Substring with Concatenation of All Words

题目

You are given a string, S, and a list of words, L, that are all of the same length. Find all starting indices of substring(s) in S that is a concatenation of each word in L exactly once and without any intervening characters.

For example, given:
S: "barfoothefoobarman"
L: ["foo", "bar"]

You should return the indices: [0,9].
(order does not matter).

方法

使用map来存储。
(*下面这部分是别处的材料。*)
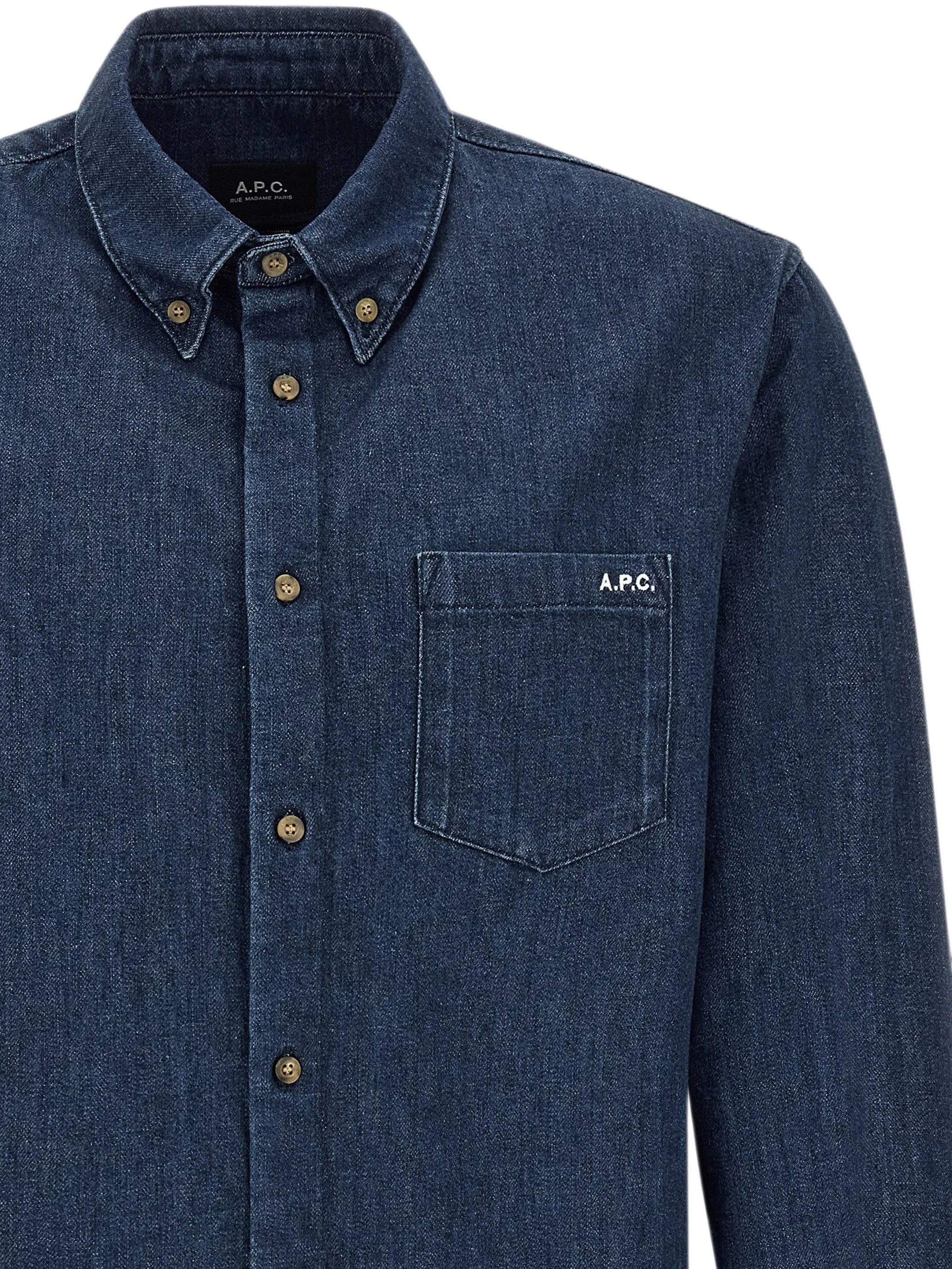 Chemise new greg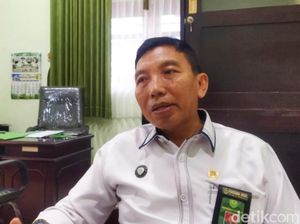 Tren Pernikahan Anak di Banyuwangi Menurun, 24 Dispensasi Nikah Ditolak Tren Pernikahan Anak di Banyuwangi Menurun, 24 Dispensasi Nikah Ditolak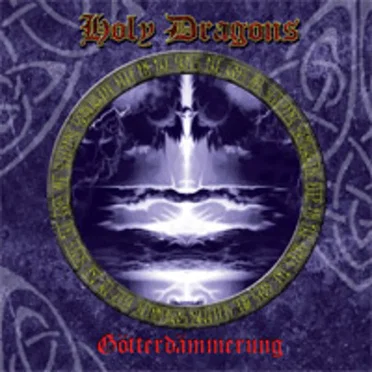 Gotterdammerung by Holy Dragons - album cover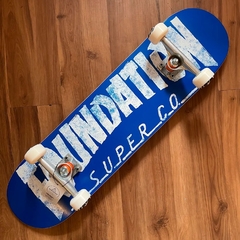 Tabla Completa Foundation Thrasher Azul 8.0 en internet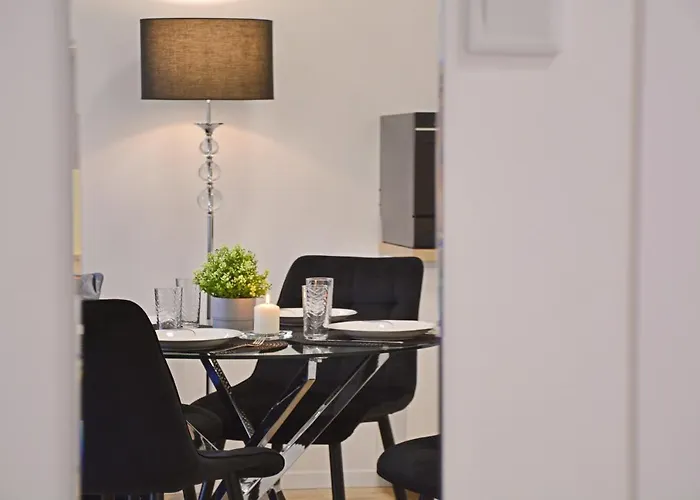 Apartment Bryza - Monte Cassino 8-7, Centrum Miasta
并进行推断。

    public List<Integer> findSubstring(String S, String[] L) {
        List<Integer> list = new ArrayList<Integer>();
        int arrLen = L.length;
        int strLen = L[0].length();
        Map<String, Integer> map = new HashMap<String, Integer>();
        for (int i = 0; i < arrLen; i++) {
        	if (map.get(L[i]) == null) {
        		map.put(L[i], 1);
        	} else {
        		map.put(L[i], map.get(L[i]) + 1);
        	}
        }
        
        Map<String, Integer> tempMap = new HashMap<String, Integer>();
        for (int i = 0; i < S.length() - arrLen * strLen + 1; i++) {
        	tempMap.clear();
        	boolean flag = true;
        	for (int j = 0; j < arrLen && flag; j++) {
        		String str = S.substring(i + j * strLen, i + (j + 1 )* strLen);
        		if (map.containsKey(str)) {
        			tempMap.put(str, tempMap.get(str) == null ? 1 : tempMap.get(str) + 1);
            		if (tempMap.get(str) > map.get(str)) {
            			flag = false;
            		}
        		} else {
        			flag = false;
        		}

        	}
        	if (flag) {
        		list.add(i);
        	}
        }
        return list;
    }